Singapore's Chinatown. Photo / Getty Images

Where To Eat & Drink In Singapore, From Hawker Fare To Fine-Dining

Getting acquainted with Singapore’s food scene is almost a religious experience, discovers Viva's digital editor Saru Krishnasamy

"In Singapore, food is like a religion,” my dinner companion tells me while I crack into crab legs, metres from the dark waters of the Singapore Strait. 

As I dip a pillowy mantou bun into spicy sauce, I’m inclined to agree. While it sounds like a slogan — a tidy way to bundle up the tiny nation’s complex culinary history — it can easily be taken as truth.

READ: Where To Find The Best Cheap Eats In Tokyo

In Singapore, “Have you eaten?” is interchangeable with “How are you?” when exchanging pleasantries.

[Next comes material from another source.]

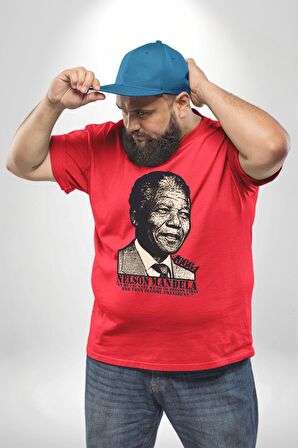 Nelson Mandela Kırmızı Büyük Beden Erkek Kadın Unisex Basic Ön Baskılı Tişört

The ritual of dining out is celebrated, traditional recipes followed devoutly and favourite haunts flocked to like places of worship.

From speedy plates that cost no more than spare change, to the best restaurant in Asia, you can eat as luxe or as lowbrow as you please.

(From left) Hokkien prawn mee; Maxwell Food Centre. Photos / Saru Krishnasamy

For hawker food: Street food in Singapore gets Michelin stars, so wherever you go, you’ll eat well. I was eager to live out my own Crazy Rich Asians fantasy, so a visit to Newton Food Centre was mandatory. It’s an open-air hawker market perfect for trying several famous dishes like satay, oyster omelette and prawn mee. Also try: Maxwell Food Centre for Anthony Bourdain-approved Hainanese chicken rice and Tekka Centre for fluffy prata and halal-friendly eats.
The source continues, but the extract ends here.